Just prepping the eggs is another adventure, since instructions don’t really exist in English. Cox has still learned to soak the eggs in progressively less salty waters to cure them – a freshwater dip makes them bitter – over as many as four days before adding some dashi miso stock to round out flavor. Paired with sweet finger lime and mellow avocado, it’s an eyebrow electrifier in a lineup of dinner dreams like the diver scallop with padrón peppers, the buttermilk-marinated pheasant and local sea bass crowned with a prawn-filled squash blossom. They’re each as good as they sound (though the scallop is toughest to top).
There will still be the burgers and salads that Sierra Mar has long leaned on for lunch, but the new $40 three-course love story just launched last week. Before a burger would run $28, the salad $19, which eaters could still justify given Sierra Mar’s sparkling service and infinite Pacific views – but now locals can pounce on more for less. Though you have to add the words, “for Sierra Mar,” you can call it a steal.
“All fine dining has been abandoning lunch service,” Cox says. “But it’s such an amazing spot it deserves a lunch.”
First course conjures stuff like wild arugula with apples and hazelnuts or heirlooms with burrata and basil sourced from their increasingly jeweled on-grounds garden – or Morro Bay oysters with lemon verbena or a goat butter biscuit with Mangalitsa country ham – followed by a choice between Lone Mountain Ranch Wagyu roasted in duck fat with local oyster mushrooms and Cambozola cheese, steelhead with smoked roe or Berkshire pork tenderloin brined with Post Ranch apple juice. Pastry Chef Yulanda Santos closes the equation with a pick between Greek yogurt panna cotta, truffle cake and Avalanche Cheese Company goods; Wine Director Dominique DaCruz and Manager Wanda Straw have already assembled unconventional pairings from the Grand Award-winning selection.
“I think it’s really as gourmet as people want to experience,” Cox says. “And it’s just the beginning.”
Intrigue awaits in the evenings as well, with an eight-course Taste of Big Sur “degustation” menu coming mid-November, not long after current Manresa Sous Chef Jacob Pilarski – last seen locally unloading incredible all-veggie pop-up menus on the hungry throngs at Happy Girl Kitchen – permanently joins the team along with Happy Girl’s pickling-and-jam sensation Fiona Bond.

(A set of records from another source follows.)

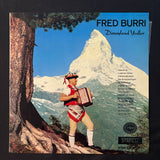 LP Fred Burri 'Disneyland Yodler' VG+/VG  vinyl record Swiss yodeler with alphorn
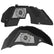 Jeep JL Aluminum "Sunflower Jeep Girl" Front and Rear Inner Fenders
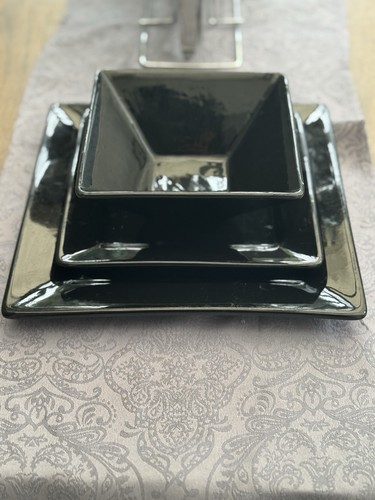 Soho black square dinner - 12,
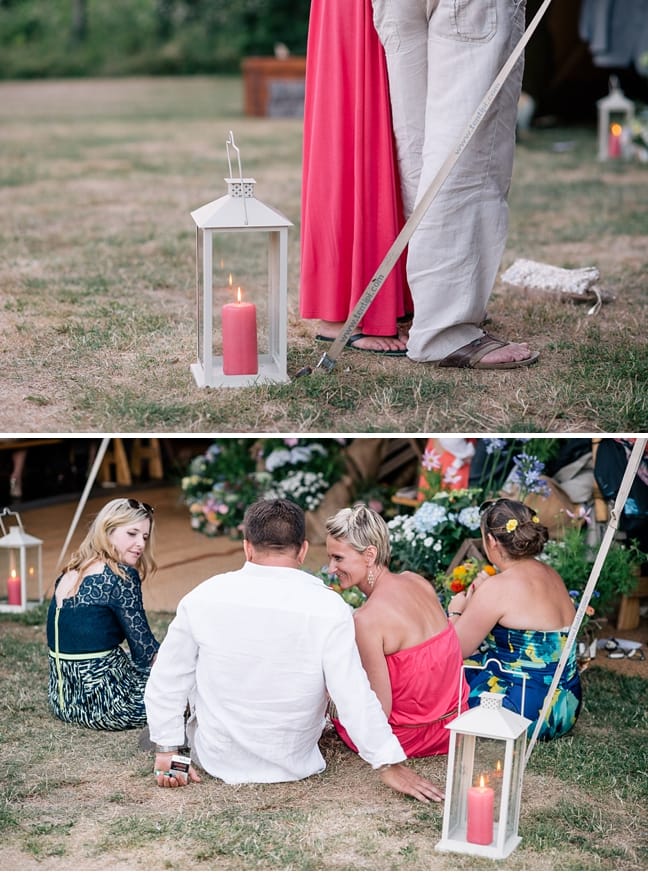 evening wedding reception new forest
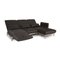 Anthracite Fabric Plura Corner Sofa with Relax Function from Rolf Benz, Image 3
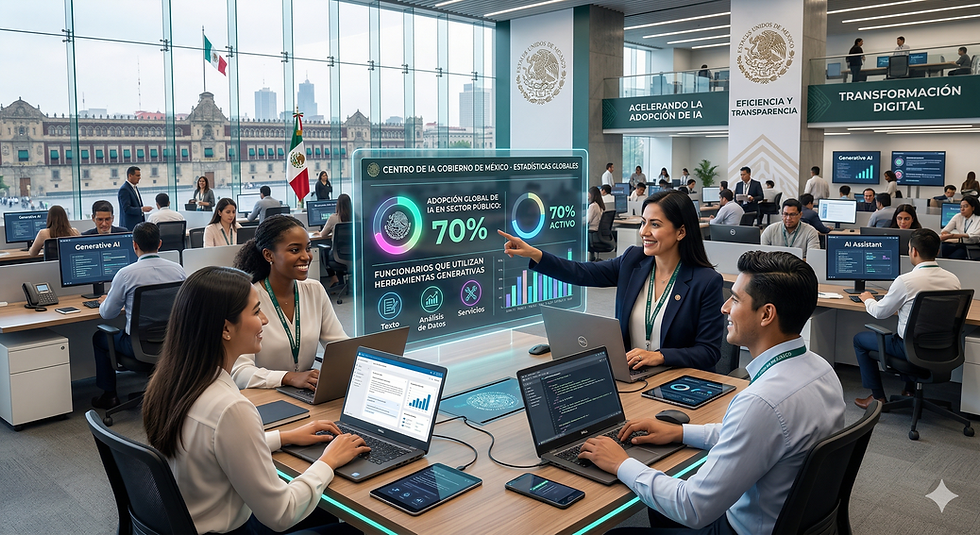 El sector público global acelera la adopción de IA: El 70% de los funcionarios ya utilizan herramientas generativas
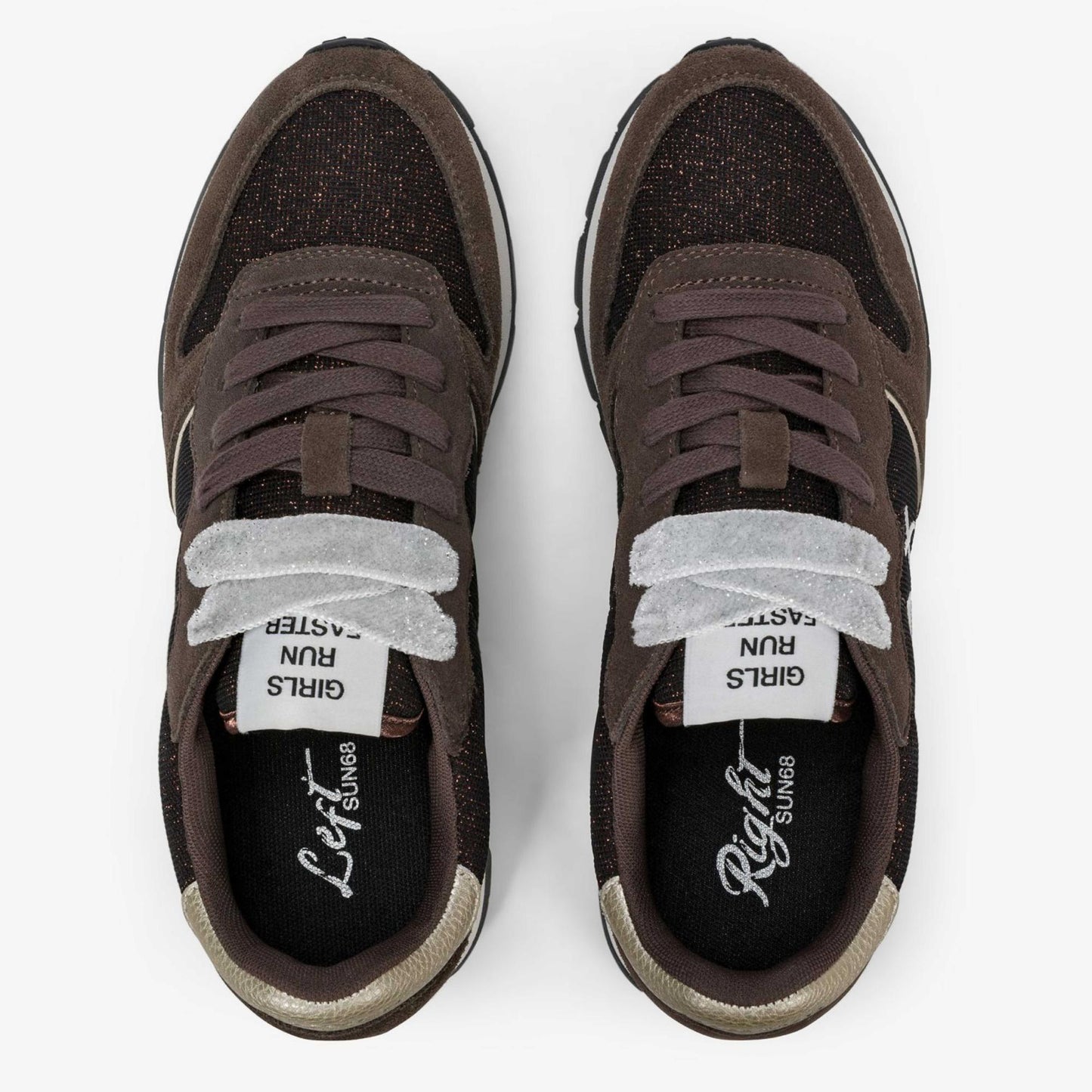 Sneakers SUN68 "ALLY GLITTER TEXTILE" Z46204-08 Marrone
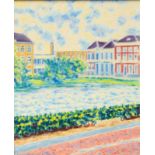 Hubert van Hille (1903-1983)Vijver te Zutphen doek, gesign. l.o., 1974-1975, 45 x 50 cm. Herkomst:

That’s quite a team, with Sarah Kabat helping manage and Matt Millea as a sous too. (In related news, Pilarski and Millea lead a pop-up at Happy Girl Oct. 7.)

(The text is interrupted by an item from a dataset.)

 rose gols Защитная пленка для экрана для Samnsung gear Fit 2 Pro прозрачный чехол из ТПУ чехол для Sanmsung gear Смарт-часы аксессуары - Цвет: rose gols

Another Manresa man cometh for Big Sur Food & Wine, when the celebrated exec chef of Forbes’ No. 1 restaurant in the U.S., David Kinch, comes for a special (and exclusive) dinner. Post Ranch will also host BSFW’s grand tasting Saturday, Nov. 3.

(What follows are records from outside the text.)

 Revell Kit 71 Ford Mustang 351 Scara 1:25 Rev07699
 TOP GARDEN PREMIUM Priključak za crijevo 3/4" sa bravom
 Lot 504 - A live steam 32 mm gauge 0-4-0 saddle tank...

The new devoutly local dinner looks to star things like nearby seaweeds – at L.A. Food & Wine, Cox had something like five preps and five species for an event in Beverly Hills – plus the best mushrooms, fish and produce Cox can find. As his herring roe rundown indicates, he reads from the same foodie Bible as Thomas Keller, who once told me, “If I can get better product than you, I’m a better chef than you.”
Hard to say who’s more insane about hard-to-get ingredients. But while we’re making always-odious comparisons, Cox’s restaurant has a better view, lower prices (he’s thinking $150-$160), and now a lot more lunch than Keller’s French Laundry. And it’s in Big Sur.